Provided records Block Start

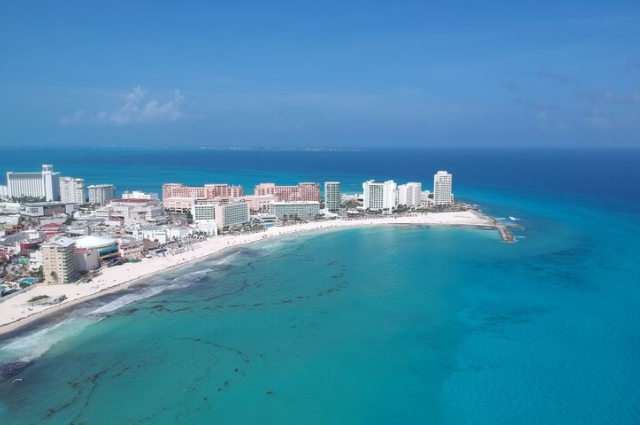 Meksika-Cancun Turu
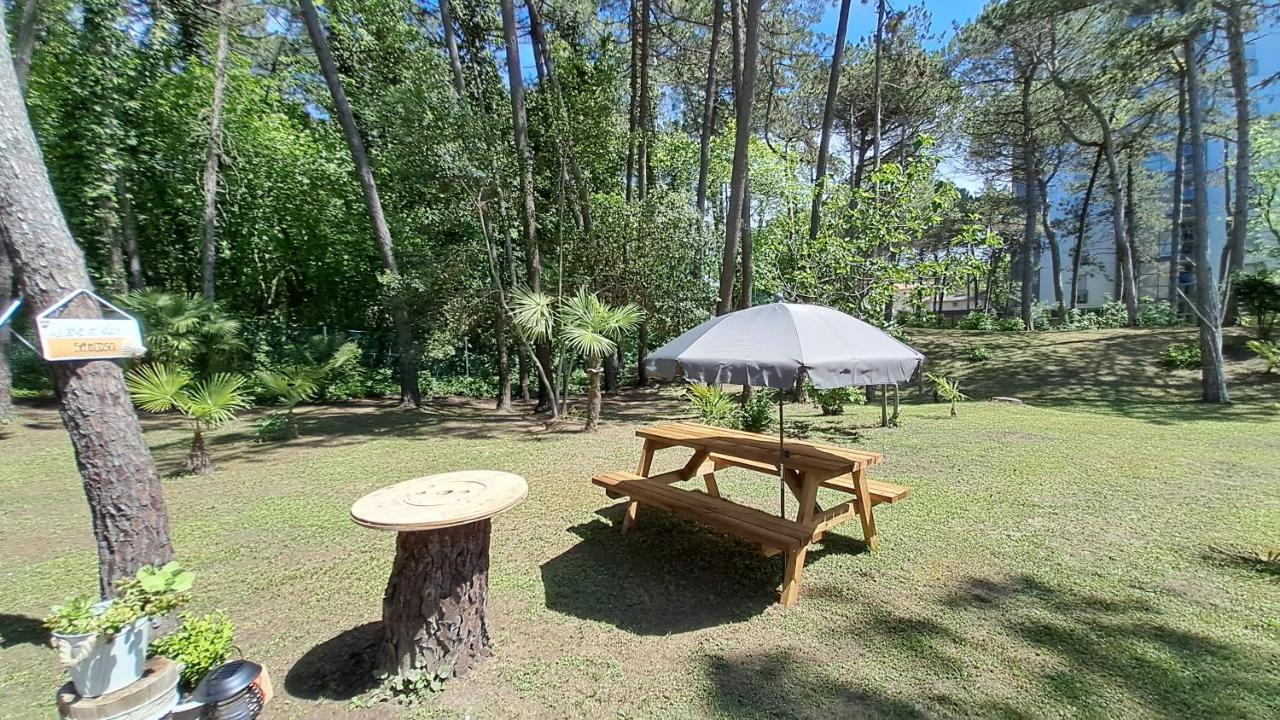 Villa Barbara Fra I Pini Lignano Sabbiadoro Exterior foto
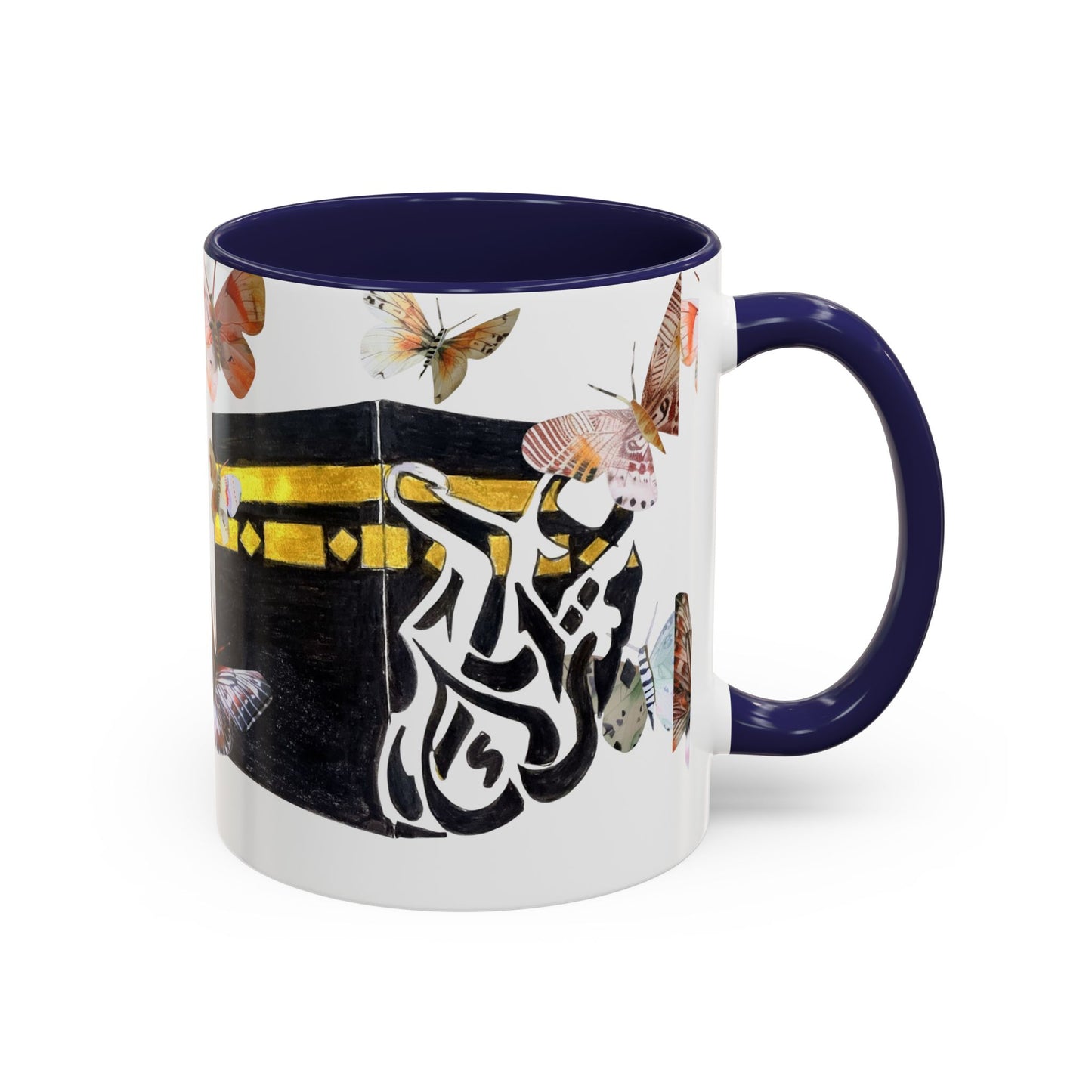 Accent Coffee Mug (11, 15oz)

Provided records Block End
Provided records Block Start

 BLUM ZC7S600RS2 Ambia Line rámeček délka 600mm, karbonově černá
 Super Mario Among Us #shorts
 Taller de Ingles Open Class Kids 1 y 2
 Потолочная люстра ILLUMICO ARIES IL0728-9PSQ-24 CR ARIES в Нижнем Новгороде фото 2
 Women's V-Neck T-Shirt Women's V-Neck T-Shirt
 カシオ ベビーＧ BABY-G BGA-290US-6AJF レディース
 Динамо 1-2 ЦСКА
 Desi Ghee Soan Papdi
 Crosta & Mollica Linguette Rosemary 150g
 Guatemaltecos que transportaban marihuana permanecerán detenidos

Provided records Block End
Provided records Block Start

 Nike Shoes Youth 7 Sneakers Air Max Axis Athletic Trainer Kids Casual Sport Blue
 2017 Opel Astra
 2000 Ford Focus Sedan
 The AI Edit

Provided records Block End

Using the records above, report each line with the string "Kids".

* _The completed task_
 Taller de Ingles Open Class Kids 1 y 2
 Nike Shoes Youth 7 Sneakers Air Max Axis Athletic Trainer Kids Casual Sport Blue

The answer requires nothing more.